2023.12.31.降誕節第1主日礼拝式説教

聖書:マタイによる福音書2章1-12節『 星に導かれて歩む旅 』

菅原 力牧師

 ここには主イエス・キリストがお生まれになった直後のことが描かれています。登場人物は二つのグループの人々です。一つは東の方の占星術の学者たち。協会共同訳は「博士たち」という懐かしい名前に戻しています。せっかくですので、今日は「博士」たちと呼んでいきます。もう一つは、ユダヤの王ヘロデとエルサレムの祭司長たちや律法学者たちエルサレムの人々。この二つのグループの人々の交差とコントラストがここには描かれているのです。

 まず、東方の博士たち。東方というのはユダヤから見て東の方という意味で、アラビア、ペルシャの国々のことではなかったかと想像できますが、何も書かれていないので、はっきりしたことはわからない。

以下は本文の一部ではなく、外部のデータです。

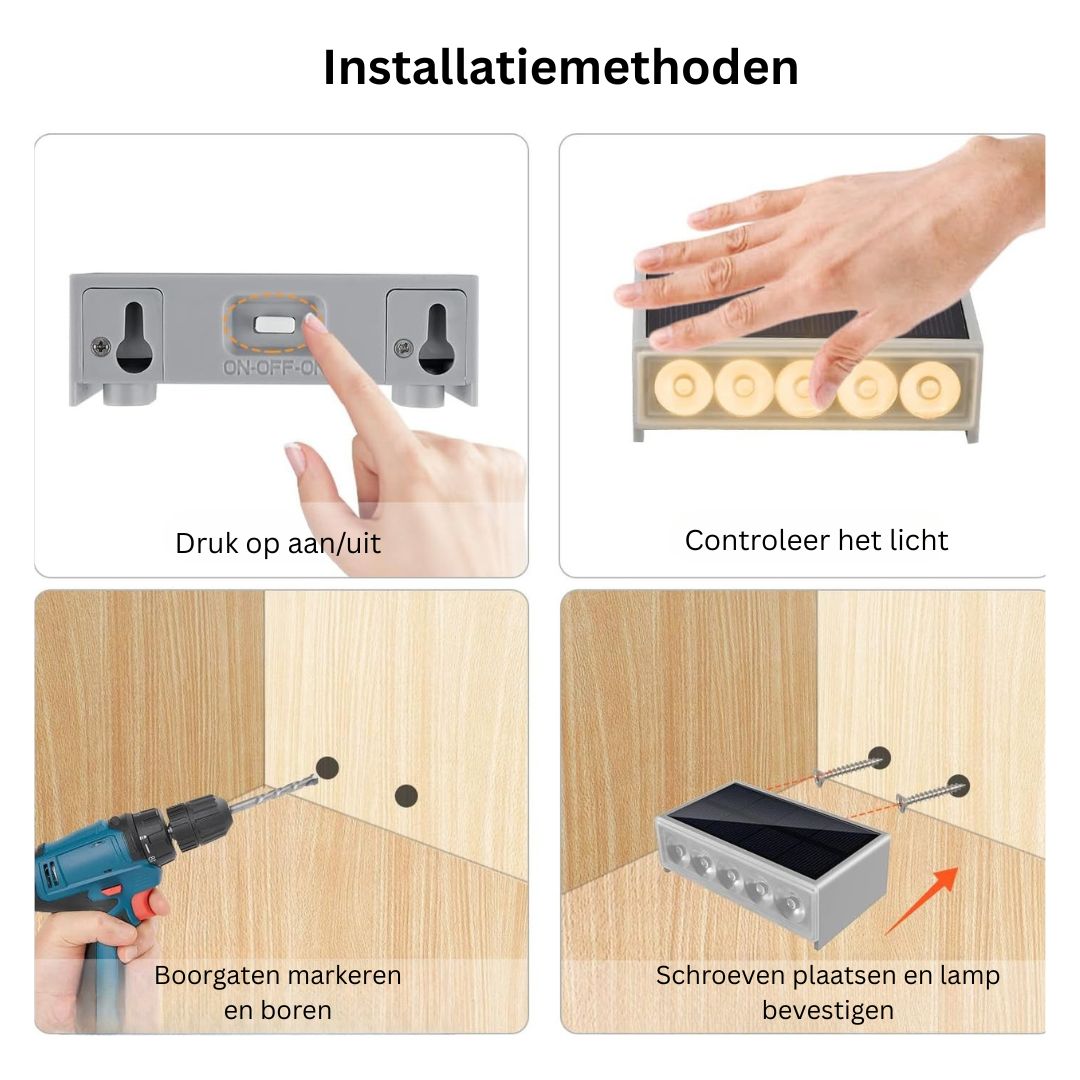 Solar Trapverlichting Buiten Waterdicht LED Deckverlichting voor Trappen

しかし、その時代のすぐれた文明、文化があった東方の博士たちであったということです。優れた知識人たちということです。その博士たちが遠く外国の、それも小国の王が生まれたと言ってはるばる旅してくるのです。さらに驚くのは、博士たちは王と呼んでいるのですが、その方の星を見て拝みに来た、と言っているのです。それはただたんに新しい国王が生まれたので、儀礼行為としてやってきたというのではない。ここで言われている拝みに来たというのは跪拝する、ひれ伏して拝むということで、明らかに信仰的な態度です。そもそも一国の政治的な責任者でもない博士たちが、よその国、それも小さな国の王が生まれたからと言って、わざわざ旅してくるような義務は何一つないのです。博士たちはこの生まれたユダヤ人の王が、自分たちにとっても跪拝すべき方だと受けとめたからこそ、わざわざはるばる旅してきたのでしょう。東方のすぐれた知識人であった博士たち、その人たちが理を超えた救い主の誕生を信じ受けとめたということでしょう。

 もう一方のグループはヘロデたちです。ユダヤ人たちのグループです。東方の博士たちがエルサレムにやってきて、ユダヤ人の王としてお生まれになった方はどこにいますか、と尋ね回っているのを知って、動揺し、うろたえたのです。どうしてうろたえたのか。ヘロデは博士たちが「ユダヤ人の王」と呼んでいる方を「メシア」救い主、と呼び変えています。当時のユダヤ人の中には、メシア救い主を待望する期待のようなものがあった。ヘロデはその人々の期待にもそこはかとない不安を感じていたのでしょう。自分を脅かす存在は、ヘロデにとって、それが息子であろうが妻であろうが、殺してしまうような人物だったと言われています。彼は救い主の噂を聞いて、殺害を思ったのではないか。彼は祭司長たちや律法学者たちを集め、救い主はどこに生まれることになっているのか、調べさせたのです。彼らはすぐに旧約聖書の言葉を引用して応えます。律法学者たちは知っていたのです。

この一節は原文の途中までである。